# JD 40 question...



## NBKnight (Dec 5, 2010)

Going through Kijiji on the weekend and came across a John Deere 40 for $3000 Canadian.Comes with ring chains and a loader not attached. I don't know anything about a 40 other than what I read on Tractor Data.

What are they like?Heres a pic of it.Any help would be appreciated.Thanks


----------



## sixbales (May 18, 2011)

Can't tell you what they were like, but back in the day I'm sure that it was a good machine. John Deere has thrived where all their competition has faded away. Look on tractorhouse.com , they have about ten John Deere 40's for sale and most are priced well above $3K. Dealer prices.


----------



## RC Wells (Dec 26, 2008)

Lightweight, dangerous on hilly ground because of a high center of gravity. Fun for grandkids in the yard with the battery removed. Use too much fuel and tend to rock back on the rear wheels to be other than a collector tractor.

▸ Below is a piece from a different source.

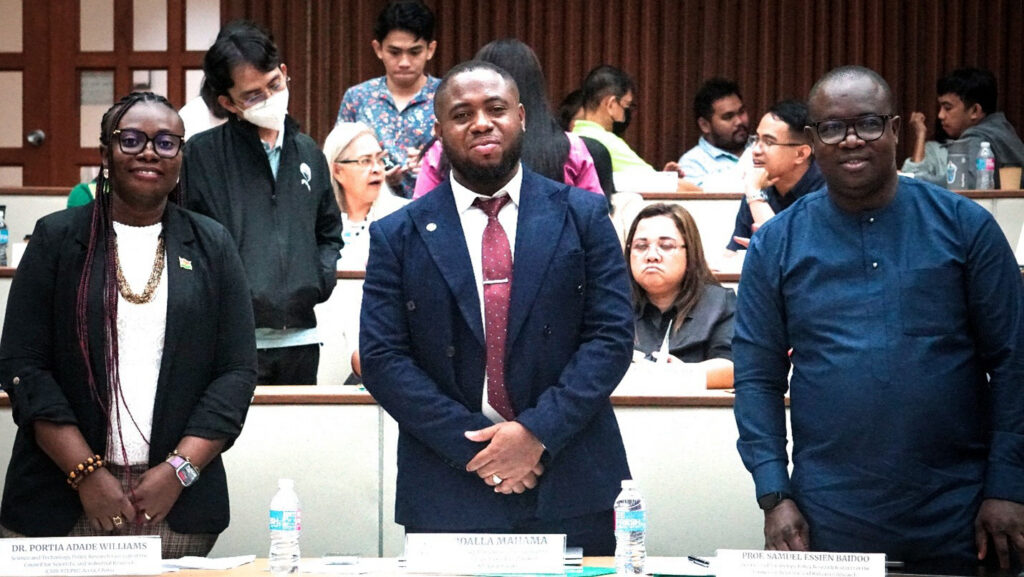 Three people stood behind desks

Will keep going up in value because they are small and easy to tuck into a collection.

A lot of fun to take to tractor parades too.

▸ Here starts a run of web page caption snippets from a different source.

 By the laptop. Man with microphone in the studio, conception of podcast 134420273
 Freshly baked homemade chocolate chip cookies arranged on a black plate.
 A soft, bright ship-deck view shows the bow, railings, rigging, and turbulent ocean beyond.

Cannot go wrong if in good shape.

Forgot to mention, a SEM finishes dealer can mix a moisture cured urethane paint that needs no primer, and perfectly matches the original lead paint colors on old JD iron. Keeps the grandchildren unleaded!


----------



## thepumpguysc (Jan 25, 2015)

That's a good LOOKIN unit.. a little pressure washin', some decals, a new muffler & seat & she's ready for a parade...


----------